Witam,
Mam problem z którym nie potrafie sobie poradzić. Mianowicie..od 7 lat znam sie z pewnym chlopakiem. Przez ostatni rok nasze stosunki bardzo sie zacisnily, czesto sie spotykalismy, rozmawialismy ale TYLKO jako przyjaciele, koledzy. Kazde z nas mialo swoja druga polowke, nas laczyla tylko swego rodzaju przyjazn. Nie dawno jednak ja rozstalam sie z chlopakiem, Pan X(umowmy sie, ze tak bede go nazywala) jest od 3 miesiecy z pewna dziewczyna. Pewnego dnia doszlo miedzy nami do czegos, niby nic takiego ale znaczaco sie do siebie zblizylismy. Od tej pory zaczelismy sie jeszcze czesciej spotykac, podczas owych spotkan zachpwujemy sie jak para, calujemy sie. przytulamy. Przeszkadza mi jednak to ze jest on nadal ze swoja dziewczyna, a sytuacja miedzy nami trwa juz ponad miesiac. On tweirdzi ze nic do tamtej dziewczyny nie czuje, ze chce byc ze mna, ale nie hcce jej ranic i czeka na odpowiedni moment by to zakonczyc. Poprosil mnie bym troche czasu mu dala, ze na pewno to zalatwi..ja jednak nie wiem czy ma to jakis sens. Bardzo mi na nim zalezy,wiele razy mowilam mu juz ze powinnismy zakonczyc nasza znajomosc, jednak po jakims czasie zaczynalam tesknic i ulegalam.

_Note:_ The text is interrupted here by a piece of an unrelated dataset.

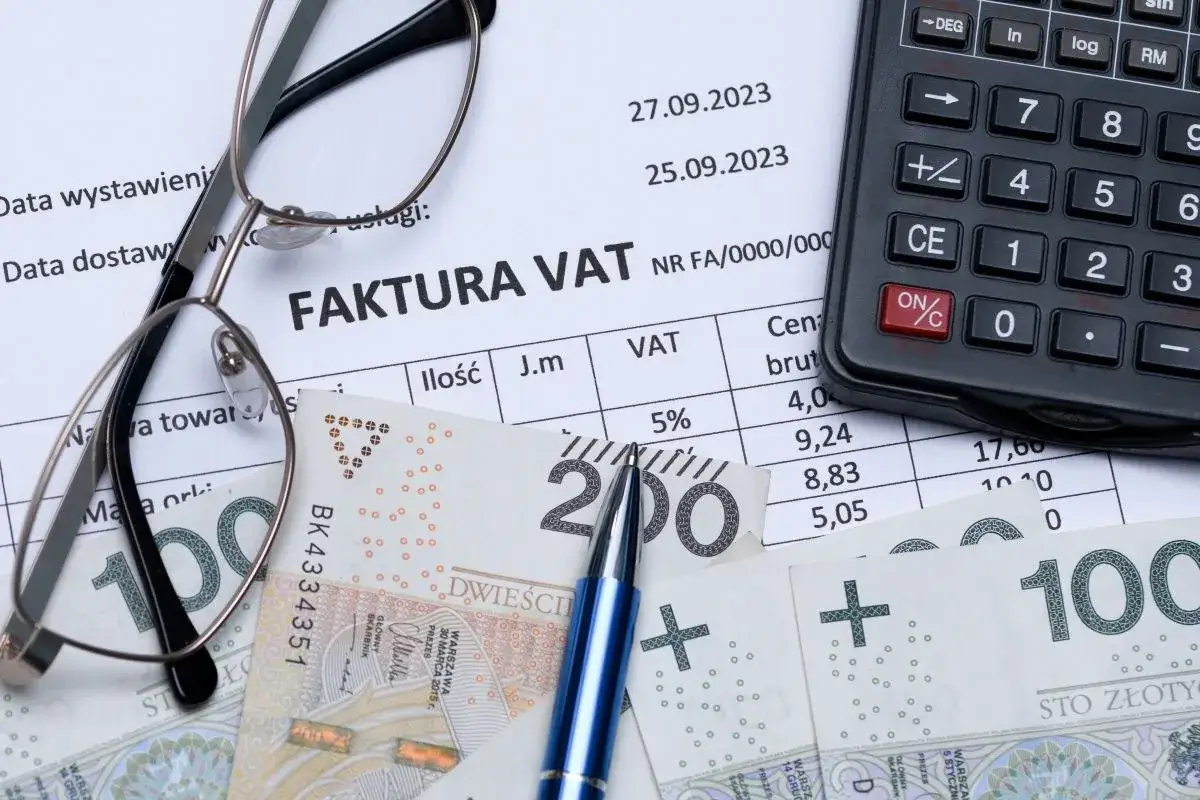 Czy można wystawić fakturę w niedzielę? Sprawdź przepisy i zasady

On tez nie dawal za wygrana, pisal do mnie, prosil..mowil ze zalezy. Nie jest to przypadkowo ppoznany chlopak, znamy sie tak jak wyzej napisalam juz ponad 7 lat..
Myslicie, ze powinnam na niego poczekac i dac mu szanse? Czy moze czym predzej zakonczyc znajomosc i o nim zapomniec- co bedzie pewnie strasznie trudne...pomozcie Kobiety! :)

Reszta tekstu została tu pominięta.